_Task:_
Copy the listing exactly, images excluded.
────────
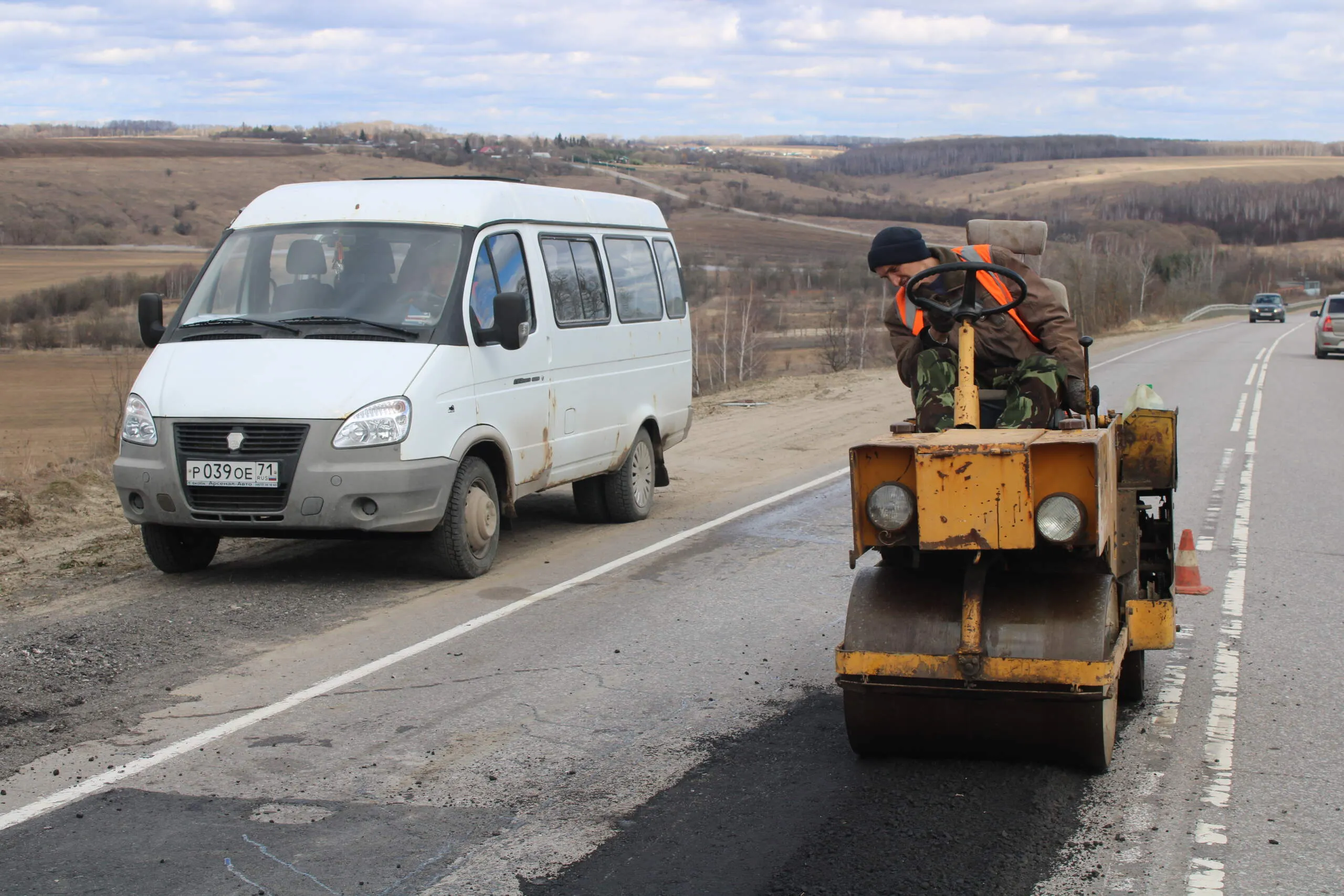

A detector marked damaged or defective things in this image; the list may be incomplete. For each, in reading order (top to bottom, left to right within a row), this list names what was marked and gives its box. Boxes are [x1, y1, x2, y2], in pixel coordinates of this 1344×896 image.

rusty metal panel [914, 435, 1037, 553]
rusty metal panel [1118, 408, 1182, 486]
rusty metal panel [1124, 599, 1177, 647]
fresh asphalt patch [519, 693, 1096, 896]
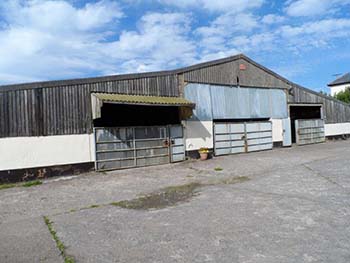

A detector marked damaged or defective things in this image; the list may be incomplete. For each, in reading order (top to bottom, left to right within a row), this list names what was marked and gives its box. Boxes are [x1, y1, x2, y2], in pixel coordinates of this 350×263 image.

cracked concrete [0, 141, 350, 262]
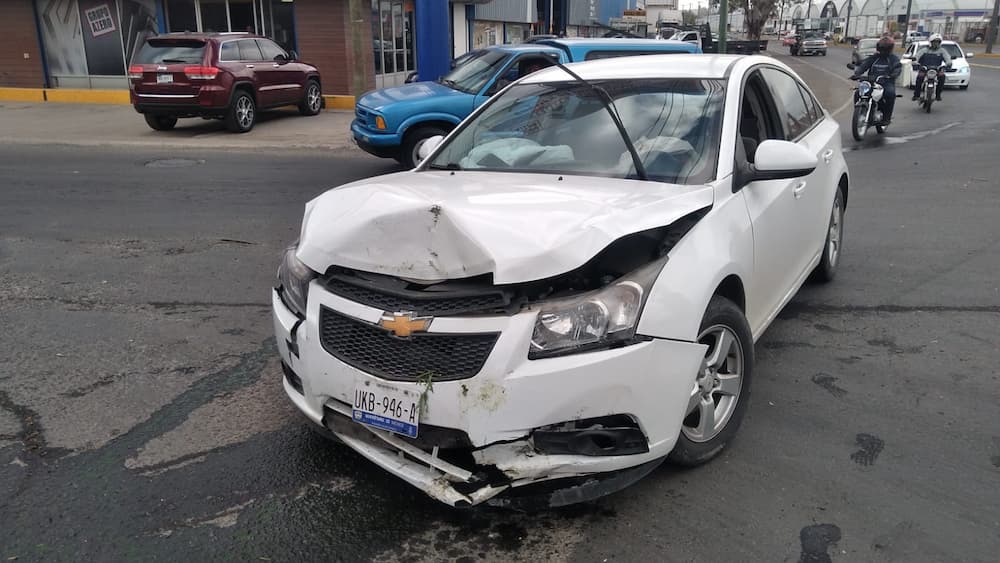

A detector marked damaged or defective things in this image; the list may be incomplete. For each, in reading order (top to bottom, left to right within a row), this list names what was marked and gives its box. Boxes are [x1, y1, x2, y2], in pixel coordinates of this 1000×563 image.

broken headlight [274, 245, 316, 320]
crumpled front bumper [272, 288, 704, 508]
torn bumper cover [276, 288, 704, 508]
dented hood [294, 171, 712, 286]
damaged white car [276, 55, 852, 508]
broken headlight [528, 258, 668, 360]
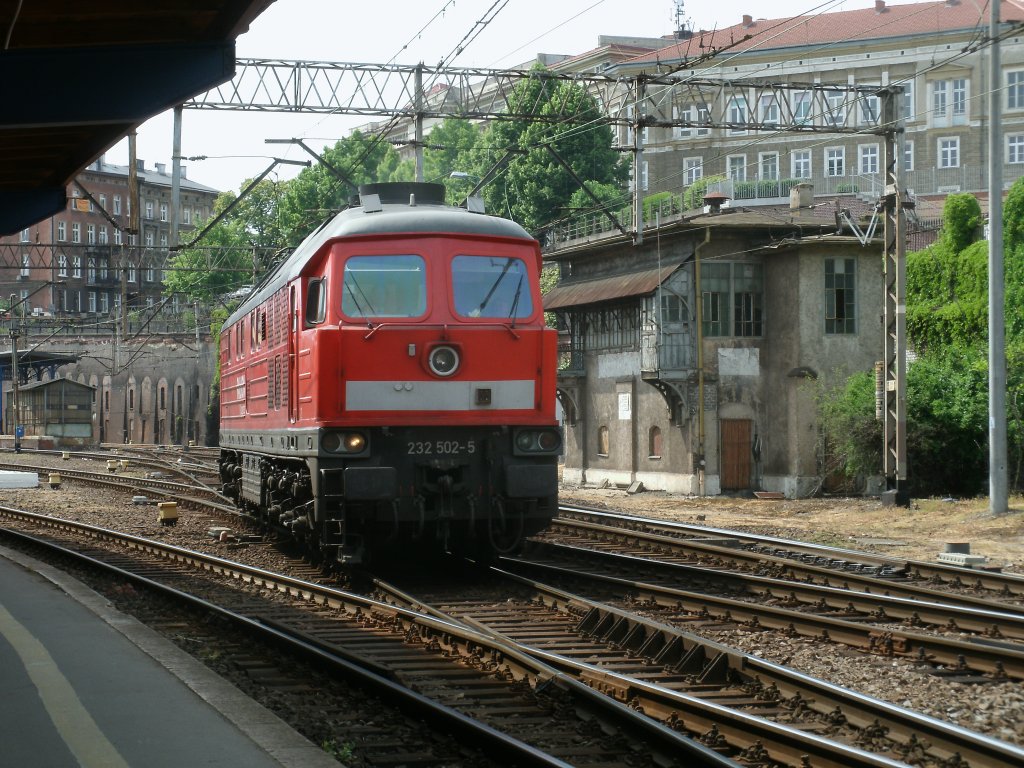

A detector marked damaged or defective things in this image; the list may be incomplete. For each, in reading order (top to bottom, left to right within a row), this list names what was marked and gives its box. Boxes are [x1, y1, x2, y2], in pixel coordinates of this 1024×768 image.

rusty metal roof [0, 0, 276, 234]
rusty metal roof [544, 266, 679, 311]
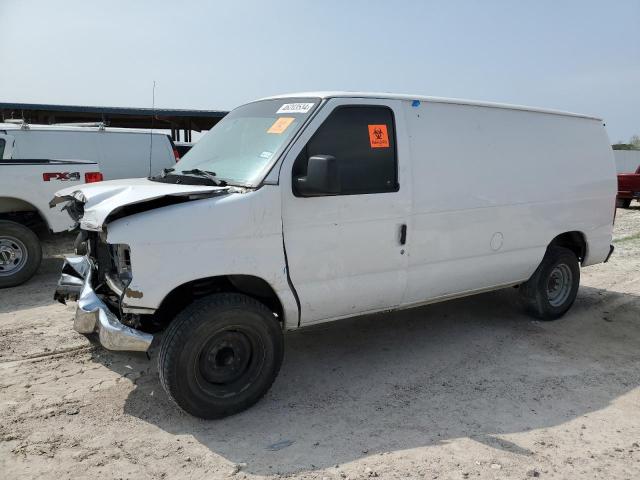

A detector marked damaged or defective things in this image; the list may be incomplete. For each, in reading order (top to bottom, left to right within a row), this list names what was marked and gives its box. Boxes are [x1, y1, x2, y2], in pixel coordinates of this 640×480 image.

crushed front bumper [54, 255, 154, 352]
damaged white van [53, 92, 616, 418]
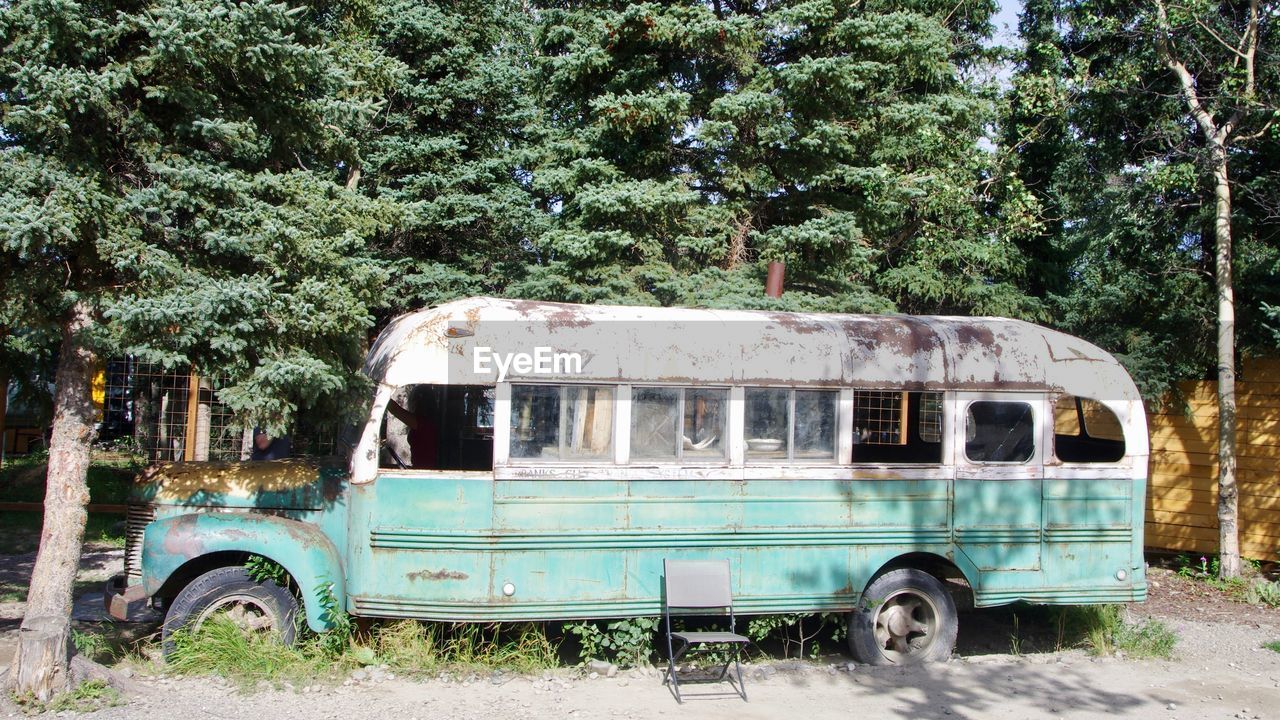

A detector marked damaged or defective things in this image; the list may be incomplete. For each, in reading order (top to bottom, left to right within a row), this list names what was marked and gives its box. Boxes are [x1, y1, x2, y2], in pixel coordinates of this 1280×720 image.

abandoned bus [112, 295, 1152, 661]
rusty bus roof [360, 294, 1141, 399]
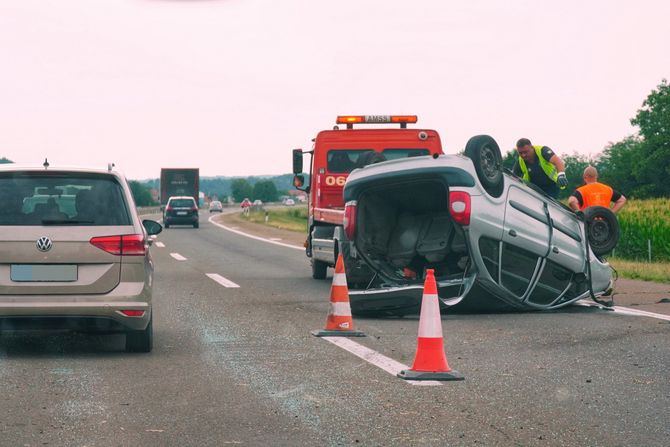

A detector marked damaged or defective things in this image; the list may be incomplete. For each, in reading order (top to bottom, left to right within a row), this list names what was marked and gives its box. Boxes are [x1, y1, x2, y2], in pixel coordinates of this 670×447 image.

overturned silver car [344, 135, 624, 314]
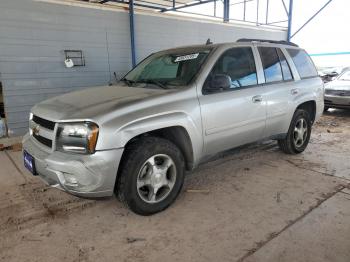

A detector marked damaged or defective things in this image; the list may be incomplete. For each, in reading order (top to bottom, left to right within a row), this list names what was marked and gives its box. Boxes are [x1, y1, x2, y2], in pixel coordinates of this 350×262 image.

damaged vehicle [21, 39, 322, 215]
damaged vehicle [322, 68, 350, 110]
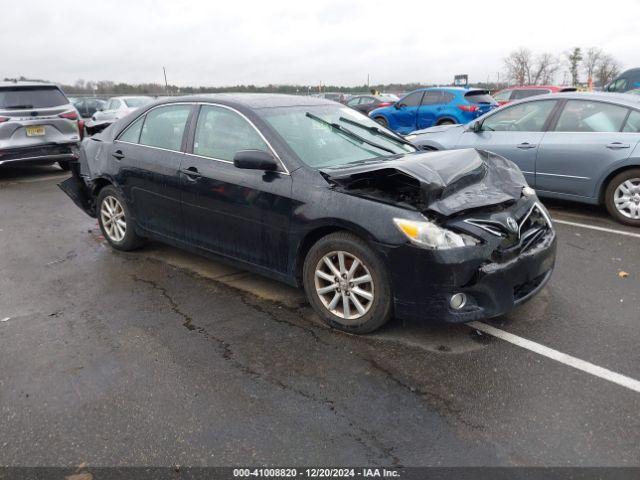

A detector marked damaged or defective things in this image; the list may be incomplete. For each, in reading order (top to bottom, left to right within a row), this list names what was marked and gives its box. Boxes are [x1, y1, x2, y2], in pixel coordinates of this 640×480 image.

crumpled hood [318, 149, 524, 217]
front-end collision damage [322, 149, 528, 217]
broken headlight [392, 218, 478, 248]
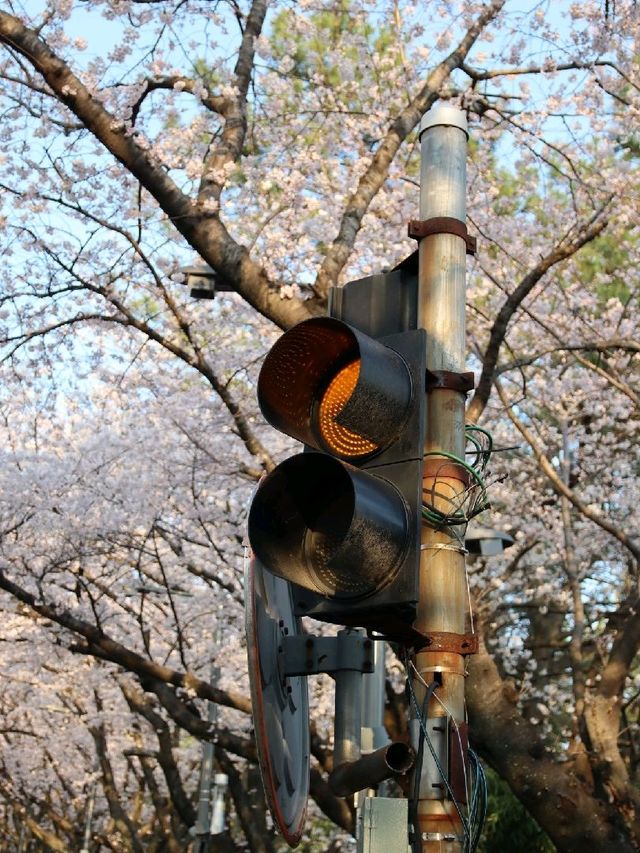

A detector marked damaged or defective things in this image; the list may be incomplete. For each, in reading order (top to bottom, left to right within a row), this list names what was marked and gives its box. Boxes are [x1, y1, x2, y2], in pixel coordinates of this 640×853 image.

rusted metal band [410, 215, 476, 255]
rusted metal band [424, 368, 476, 392]
rusty pole section [410, 105, 470, 852]
rusted metal band [422, 460, 472, 486]
rusted metal band [418, 628, 478, 656]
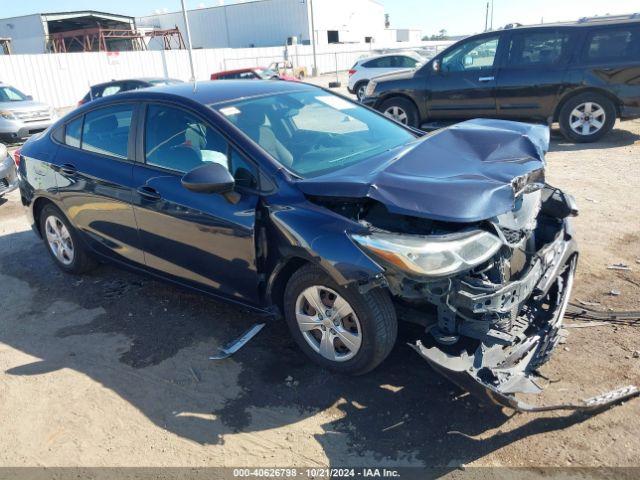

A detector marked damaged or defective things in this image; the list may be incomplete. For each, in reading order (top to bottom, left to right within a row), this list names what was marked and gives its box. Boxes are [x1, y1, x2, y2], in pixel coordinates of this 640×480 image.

damaged blue sedan [17, 80, 636, 410]
crumpled hood [296, 118, 552, 223]
damaged headlight assembly [352, 230, 502, 278]
front end damage [302, 120, 640, 412]
broken front bumper [410, 221, 640, 412]
detached bumper piece [410, 221, 640, 412]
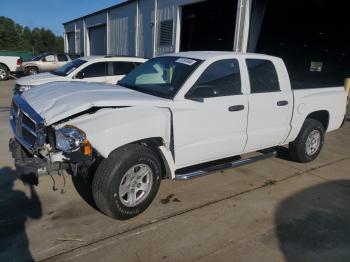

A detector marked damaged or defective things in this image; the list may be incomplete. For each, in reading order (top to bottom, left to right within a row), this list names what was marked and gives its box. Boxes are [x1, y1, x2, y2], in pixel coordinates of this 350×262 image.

crumpled hood [20, 81, 171, 125]
damaged headlight [55, 125, 89, 154]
────────
_Written solution:_
A detector marked damaged or defective things in this image; the list may be incomplete. For each, in reading order (top to bottom, left to right within a row), this list names what was marked and gives its box. Boxes are [x1, y1, x2, y2], in pixel coordinates of this 1344×896 image.

rusty metal panel [914, 435, 1037, 553]
rusty metal panel [1118, 408, 1182, 486]
rusty metal panel [1124, 599, 1177, 647]
fresh asphalt patch [519, 693, 1096, 896]

A detector marked damaged or defective things in this image; the list may be incomplete. For each, in reading order (top to bottom, left to right within a row), this list names what was marked and gives its box. Boxes are [x1, y1, x2, y2], in pixel coordinates of this 350×263 image.

cracked concrete [0, 141, 350, 262]

A detector marked damaged or defective things in this image; the list may be incomplete. For each, in reading order (top to bottom, left to right within a row), this list names what was marked and gives its box. Boxes are [x1, y1, x2, y2], in pixel coordinates of this 1000×563 image.

broken headlight [274, 245, 316, 320]
crumpled front bumper [272, 288, 704, 508]
torn bumper cover [276, 288, 704, 508]
dented hood [294, 171, 712, 286]
damaged white car [276, 55, 852, 508]
broken headlight [528, 258, 668, 360]

A detector marked damaged or defective things in this image; the list may be incomplete. For each, in reading order (top to bottom, left to right within a row), this list names what was marked and gives its box. Boxes are [x1, y1, x2, y2], in pixel coordinates of this 1024×768 image.

rusty metal roof [0, 0, 276, 234]
rusty metal roof [544, 266, 679, 311]

A detector marked damaged or defective things in this image; the list may be incomplete. For each, in reading order (top to bottom, left to right within a row), this list names what was marked and gives its box. Boxes are [x1, y1, x2, y2], in pixel coordinates of this 640×480 image.

crushed front bumper [54, 255, 154, 352]
damaged white van [53, 92, 616, 418]

A detector marked damaged or defective things in this image; the list may be incomplete. For each, in reading order (top to bottom, left to right within a row), this list names what was marked and gives its box. Boxes are [x1, y1, x2, y2], in pixel coordinates of this 1280×720 image.

abandoned bus [112, 295, 1152, 661]
rusty bus roof [360, 294, 1141, 399]

A detector marked damaged or defective things in this image; the list may be incomplete. For each, in reading order (top to bottom, left to right within a row), this list names what was marked and gives its box. Boxes are [x1, y1, x2, y2], in pixel coordinates of this 670×447 image.

overturned silver car [344, 135, 624, 314]

A detector marked damaged or defective things in this image; the list may be incomplete. For each, in reading order (top to bottom, left to right within a row), this list names what was marked and gives its box. Boxes are [x1, y1, x2, y2], in pixel coordinates of this 350×262 image.

damaged vehicle [21, 39, 322, 215]
damaged vehicle [322, 68, 350, 110]

A detector marked damaged or defective things in this image; the list may be incomplete. For each, in reading order (top to bottom, left to right within a row), this list names what was marked and gives its box. Boxes are [x1, y1, x2, y2], in pixel coordinates of this 640×480 image.

crumpled hood [318, 149, 524, 217]
front-end collision damage [322, 149, 528, 217]
broken headlight [392, 218, 478, 248]

A detector marked damaged or defective things in this image; the list may be incomplete. For each, in reading order (top to bottom, left to right within a row), this list names what was marked and gives its box. Boxes are [x1, y1, x2, y2], in pixel coordinates of this 640×853 image.

rusted metal band [410, 215, 476, 255]
rusted metal band [424, 368, 476, 392]
rusty pole section [410, 105, 470, 852]
rusted metal band [422, 460, 472, 486]
rusted metal band [418, 628, 478, 656]

A detector marked damaged or defective things in this image; the list may be incomplete. For each, in reading order (top to bottom, left to right within a row), this list names what was marked and gives its box. Boxes are [x1, y1, x2, y2], in pixel coordinates of this 640×480 image.

damaged blue sedan [17, 80, 636, 410]
crumpled hood [296, 118, 552, 223]
damaged headlight assembly [352, 230, 502, 278]
front end damage [302, 120, 640, 412]
broken front bumper [410, 221, 640, 412]
detached bumper piece [410, 221, 640, 412]

A detector marked damaged or defective things in this image; the list may be incomplete. For each, in reading order (top to bottom, left to right within a row), this list names what was marked and gives its box. Boxes are [x1, y1, x2, y2], in pixel coordinates of this 350×262 image.

crumpled hood [20, 81, 171, 125]
damaged headlight [55, 125, 89, 154]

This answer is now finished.